Imagino que todos los lectores de Los misterios de la taberna Kamogawa nos hacemos la misma pregunta mientras leemos: ¿Qué plato nos gustaría volver a comer, preparado exactamente igual que lo hacía una persona o un restaurante ya desaparecidos? Como a los personajes de la novela, seguramente nos vendrán a la mente platos sencillos que en un tiempo comíamos con frecuencia sin darles mayor importancia. Lo pienso y me gustaría volver a comer el jamón asado de aquel bar de San Cristóbal donde iba con mis padres y mi hermana los domingos por la tarde; o aquel gyros de Galiana, con el tzatziki pasado de ajo, para reponer fuerzas ojeando el Mundo Deportivo al final de una noche fallida de farra; o el potaje de berros de Beni en la cumbre, en Cazadores; o la tortilla de patata de Felisa, en Bercero, con la ensalada y el porrón en el centro de la mesa.
Si digo que entre todas las posibilidades elegiría el arroz con leche de mi madre podría parecer una elección lógica en un asturiano, siendo el arroz con leche un plato muy típico y apreciado en Asturias. Pero mi madre era de Valladolid, y pese a que llegó a Avilés con sólo 16 años y una flor en la solapa del abrigo, su forma de prepararlo no tenía nada que ver con la de aquí. Ese arroz con leche que tendrían que recrear en la taberna Kamogawa es muy líquido, casi una sopa fría dulce, muy azucarado, con un arroz blando pero entero y suelto, un trozo de canela en rama, un pedazo de cáscara de limón asomando y un poco de canela en polvo espolvoreada por encima. Parece un caso fácil para tan capaces detectives, pero el demonio siempre está en los detalles.

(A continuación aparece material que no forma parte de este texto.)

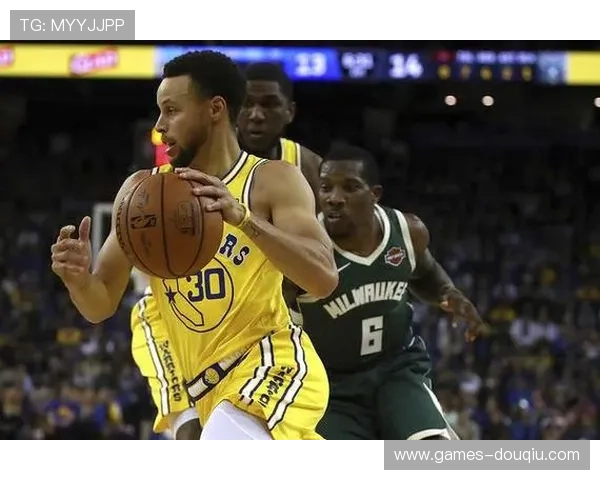 斗球体育直播苹果版官方免费下载，苹果用户必备的高清赛事直播应用推荐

Con el tiempo mi madre fue cambiando la forma de preparar el arroz con leche, haciéndolo cada vez menos líquido. Pero recuerdo y busco el que hacía cuando yo tenía 11 años. Entonces tomábamos la leche fresca que traía una lechera de Miranda en un carro tirado por una mula. Esa leche, gorda y cremosa, era el ingrediente de mayor calidad de la receta y el más determinante en el resultado final. La canela, el arroz y el azúcar los compraba, como casi todo, en el economato de Ensidesa, en Llaranes.
La cantidad de azúcar es un dato crítico para resolver el caso. Aquel arroz con leche era muy dulce, como me gustaba entonces, pero hoy el dulzor excesivo me resulta demasiado empalagoso. Si por casualidad apareciese la receta en alguna libreta y se limitasen a ejecutarla, puede que no reconociese el plato. Un nuevo laberinto para los detectives, obligados a determinar qué cantidad de azúcar admite hoy mi paladar como límite dulce, para lograr esa misma sensación extrema de entonces pero con menos cantidad de azúcar.

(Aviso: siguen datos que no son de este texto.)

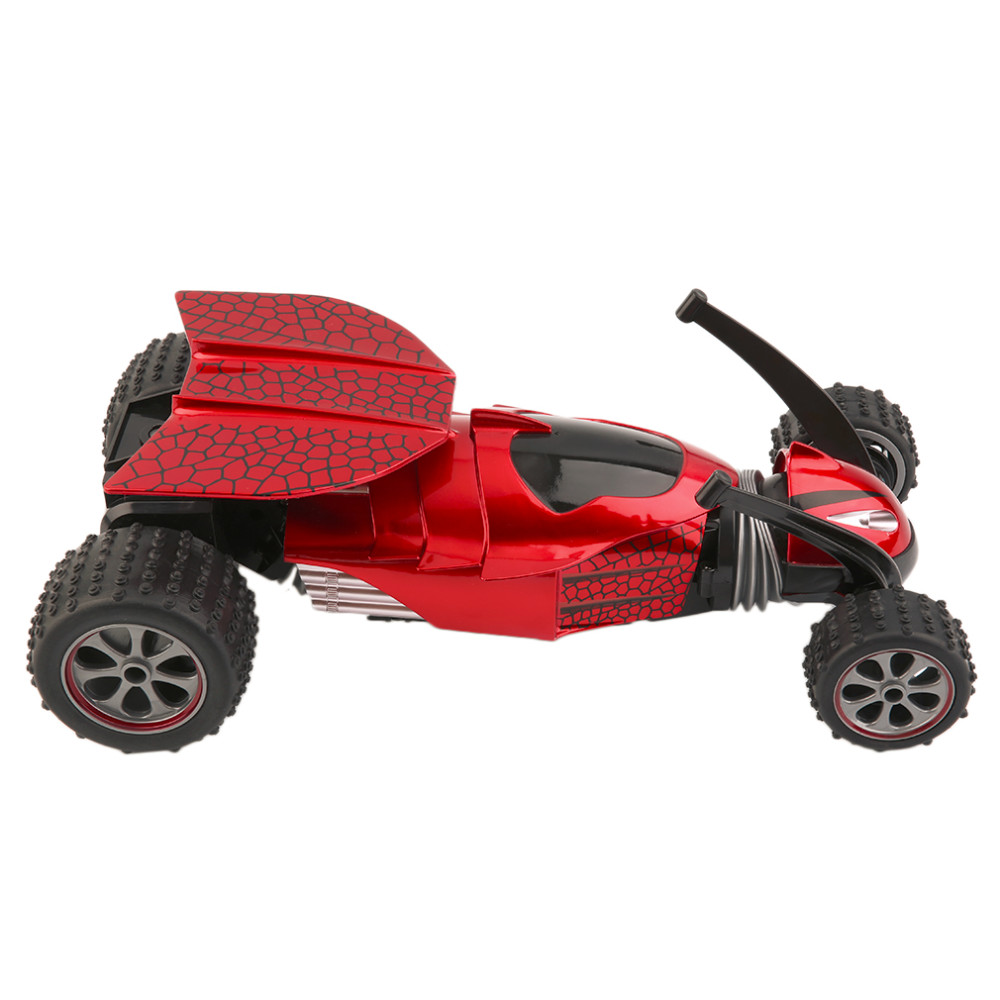 Remote Control Car Toys Kids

Hay un último detalle que debería contarle a Koishi. Mi madre solía hacer el arroz con leche unas horas antes de comer. Cuando lo había terminado y comenzaba a repartirlo desde la pota a los tazones individuales, descartaba la última porción, insuficiente para llenar un último tazón, y la metía en una taza de cristal. Esa porción de la taza de cristal, más pequeña y probablemente más líquida todavía que el resto, era siempre para mí. Y es precisamente esa la que busco. No es que comiese sólo esa pequeña ración, normalmente yo era quien más cantidad de tazones acababa comiendo, pero era obligatorio esperar a que se enfriasen y reservarlos para el postre. Con mi taza podía hacer lo que quisiera. La dejaba en la nevera un poco, pero pronto me podían las ganas y le metía la cuchara. Gracias a esas prisas, aquella taza contenía todas las temperaturas, desde el frío de la primera leche cubierta de canela, al interior todavía vivo y caliente, latiendo juntas en cada cucharada. Tráemelo todo otra vez, Nagare Kamogawa.